Maybe your website does look outdated, and you know it. Aesthetic reasons for a website redesign include:

  • Outdated design
  • Hard to look at or read
  • It doesn’t match current brand materials

Metrics

A failure to achieve your intended metrics is another reason to redesign your site. Updating your website could help solve:

  • Low ROI
  • Low conversion rates
  • Insufficient lead generation
  • High bounce rate
  • Low ranking SEO

New Standards

Design standards continue to change, especially as new technologies rise and fall. You should consider a redesign if your site is:

  • Not mobile responsive
  • Unappealing in site previews & social media shares
  • Too slow to load

Brand Alignment

Finally, you should update your website to keep up with changes to your brand. Some changes may be easy to implement, while others require a more extensive redesign. Plan to revise your site if:

  • Your brand has recently shifted its focus
  • You offer different products/services
  • Your target audience has changed, or you’ve added a new audience

Even if your website doesn’t need drastic changes, there’s a good reason you should consider regular updates and minor redesigns.

“It takes about 50 milliseconds (that’s 0.05 seconds) for users to form an opinion about your website that determines whether they like your site or not, whether they’ll stay or leave.”

How to Develop a Website Strategy

A website isn’t visual marketing collateral. It’s a revenue-generation tool, and there needs to be a strategy behind it

You’re ready to work on web design and understand growth-driven design’s value. Now it’s time for a crucial step: strategy.

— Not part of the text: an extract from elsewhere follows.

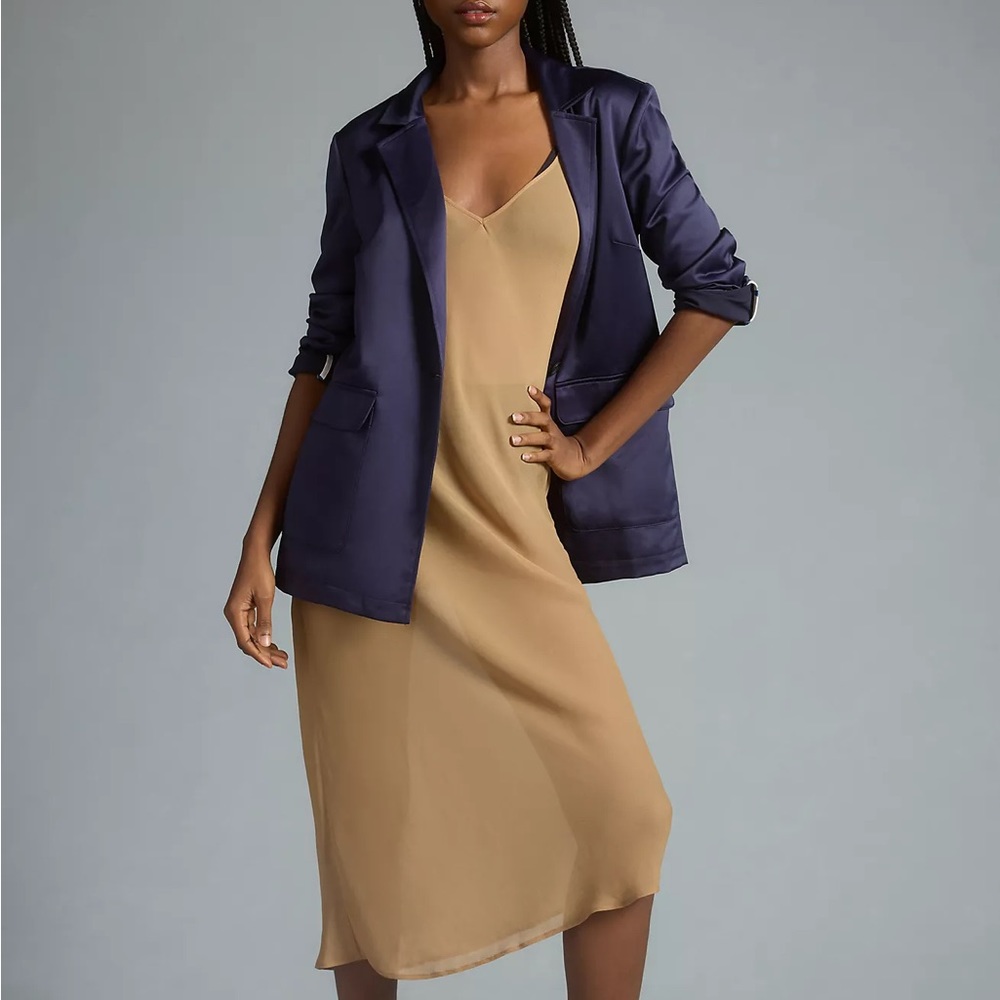 Anthropologie Porridge Satin Blazer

A website strategy should always come before any design changes. For every proposed change, you should be able to field the question “why?” with an answer that goes back to strategy. Developing a strategy can sound intimidating and time-consuming, but in the end, a strategy is only a plan to meet your goals.

Set Goals

When establishing a website strategy, start with your goals. What do you hope to achieve with this website? Common website goals include:

  • Build brand awareness
  • Establish industry authority
  • Educate or inform consumers
  • Generate leads

Based on your goals, you may develop a website with valuable content for users to consume for free. Or you may place greater emphasis on your products and services, filling your site with targeted CTAs and landing pages.

Know Your Audience

Before you begin marketing, producing content, or even structuring your website, learn about your audience. Develop buyer personas that cover demographics, interests, and pain points. Today businesses have learned that putting your audience first leads to the best results.

User-Centered Design

A modern trend in web design has shifted focus to the user and their needs. While user-centered design concepts may seem obvious, many companies have only been concerned with presenting the information they deem most important.

The user-centered design focuses on site visitors and how they experience the site. While optimizing your website for users can require research and testing, the result is a clean, accessible design with easy navigation. Above all, users need to be able to access the information they’re seeking as quickly and efficiently as possible.   

Why Website User Experience is Key

User experience, or UX, is one of the most critical considerations in web development. UX leads to more significant web traffic, higher conversion rates, and brand loyalty. But poor UX may have even longer-lasting effects.

According to an Akamai study, users who have had a negative experience at a shop are 79 percent less likely to buy from the same site. User experience also applies to site performance. Forty-seven percent of internet users expect a web page to load within two seconds or less, and 40 percent are unwilling to wait more than three seconds.

Keep Your Site Responsive

Users aren’t just accessing your site on a desktop anymore. Mobile internet browsing already surpassed desktop browsing rates by 51.2 percent in 2016. Any web redesign must consider mobile and tablet users.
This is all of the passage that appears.